Whither travel slides?
The suggestions provided by the readers for preserving travel slides all were very good (Oct. ’07, pg. 46).
The first priority should be setting them up so you can enjoy them and, after that, your children and perhaps your grandchildren, but after that who knows? Or cares? How many millions of pictures are being passed to posterity? Will posterity have time to look at them?
But, seriously, if you want to preserve them, I think Ronald Ross came closest to defining the real problem. I have been saving electronic data since the 1960s and have witnessed generation after generation of formats come and go.

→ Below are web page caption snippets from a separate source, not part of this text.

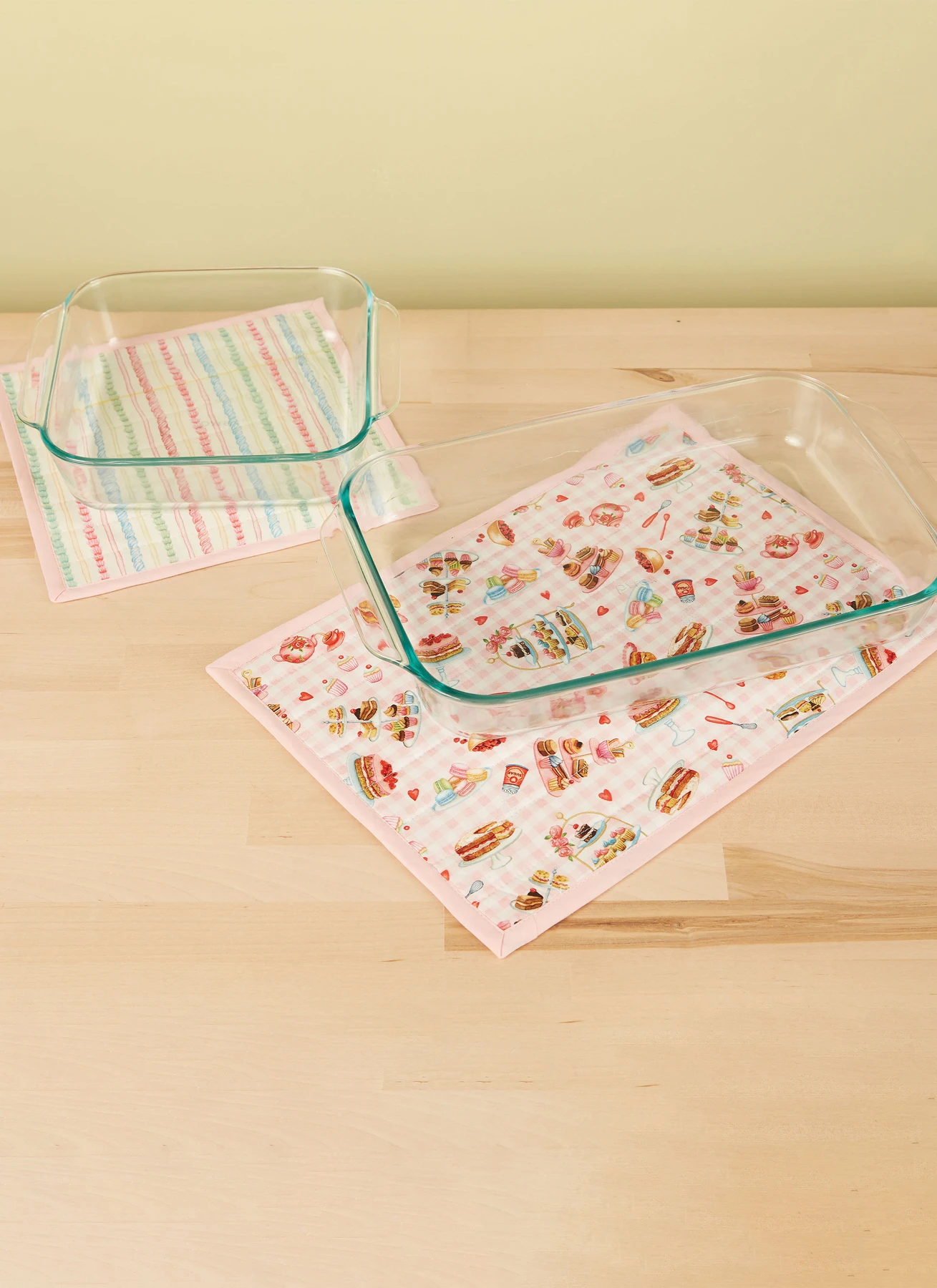 McCall's Sewing Pattern Misses' Apron and Kitchen Accessories (PDF) 3 McCall's Sewing Pattern Misses' Apron and Kitchen Accessories (PDF)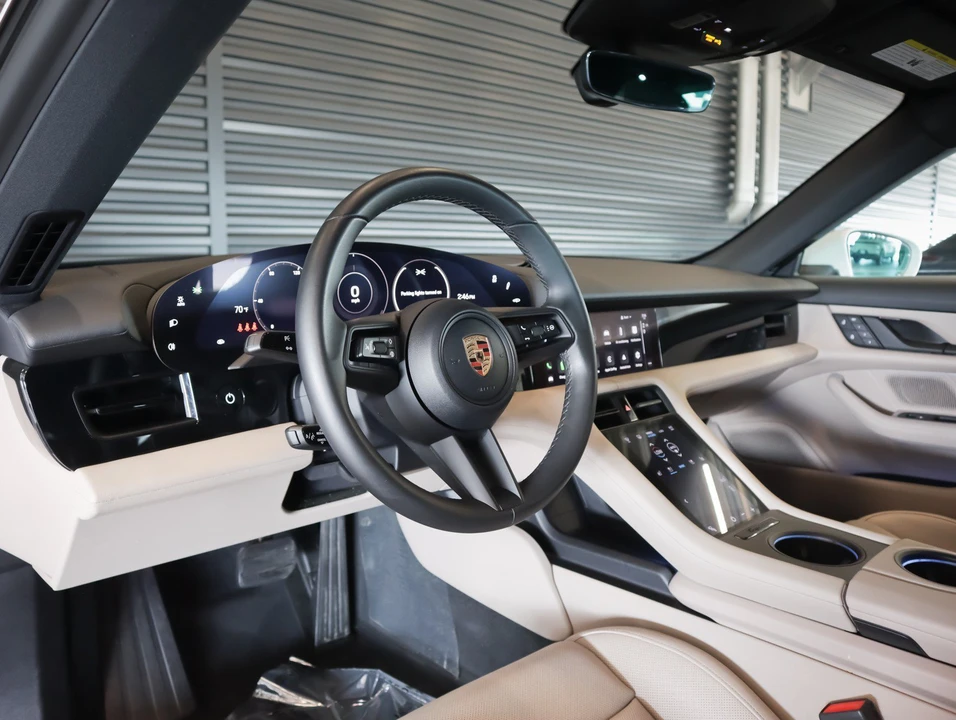 2023 Porsche Taycan - Image 4 of 28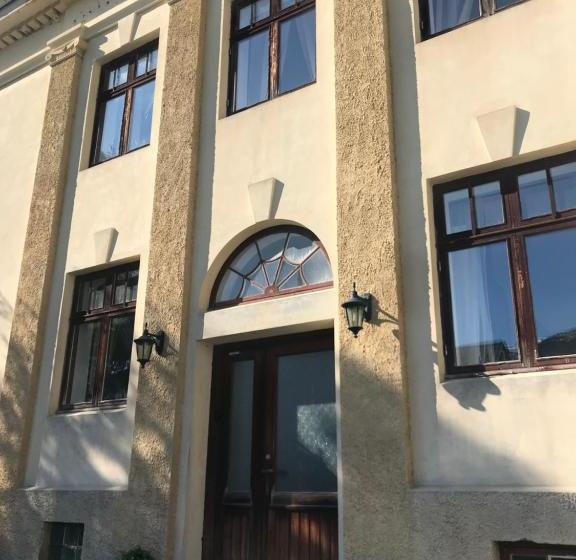 펜션 Valldal Gjestgiveri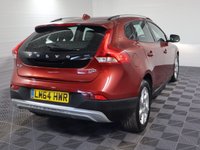 USED 2014 64 VOLVO V40 CROSS COUNTRY 1.6 D2 Lux Hatchback 5dr Diesel Powershift Euro 5 (s/s) (115 ps) LOW MILES WITH SERICE HISTORY NOT TO BE MISSED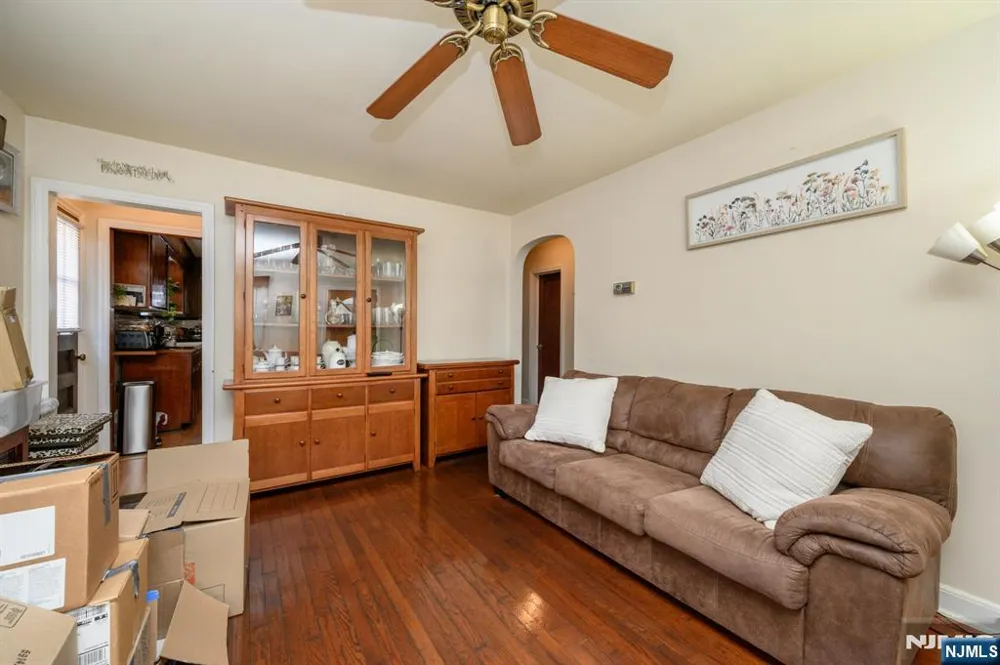 25 Broad Terrace Bloomfield, NJ 07003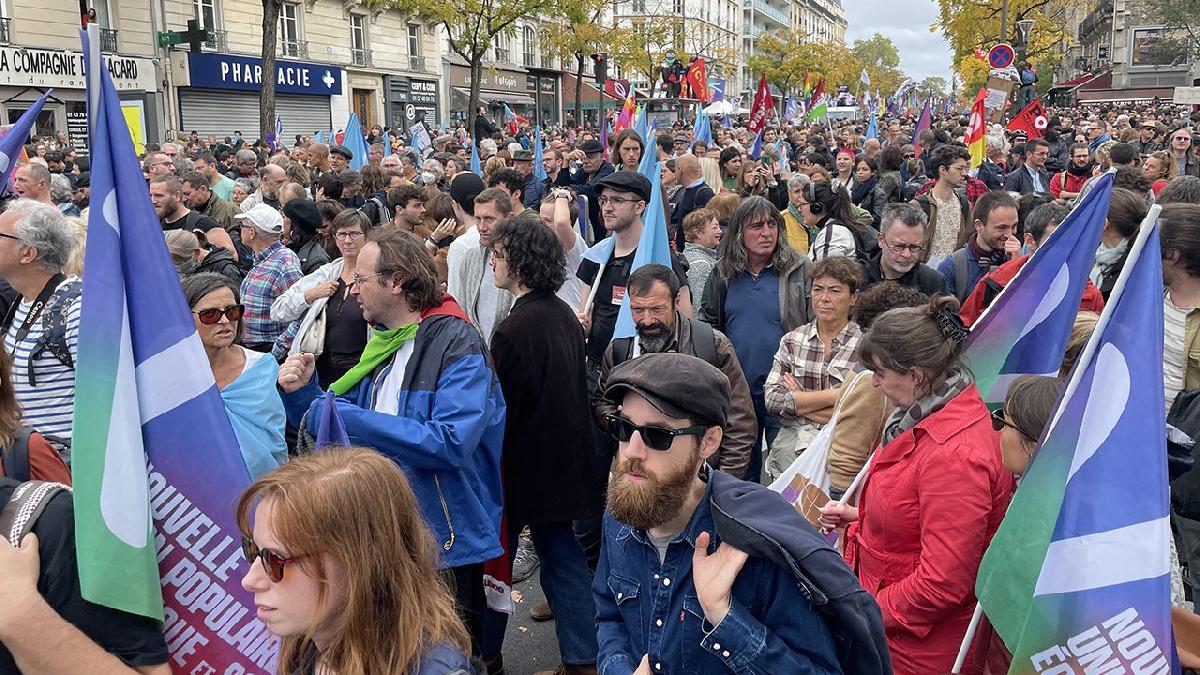 Fransa'da binlerce kişi sokaklara döküldü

The stuff I recorded first is still in a readable format, but the equipment needed to read it no longer exists. It’s not like a book; you can’t still count on reading it after 500 years. If you want to keep it available, you must rerecord it periodically to the newest formats or it will be lost.
It’s fine doing it yourself. . . until you attain a certain age, then someone else will have to do it. You could give it to a library, but how much can they absorb? And will they update formats? Or keep old equipment? Imagine yourself a librarian 100 years from now.
My suggestions — sort your pictures; pick the best 100 or so, maybe more (interesting people, family, landscapes subject to change, buildings of interest which may disappear, etc.), print them in colorfast inks and record them electronically.
Give them to someone who cares. Keep the rest for your own enjoyment, and buy a good slide projector.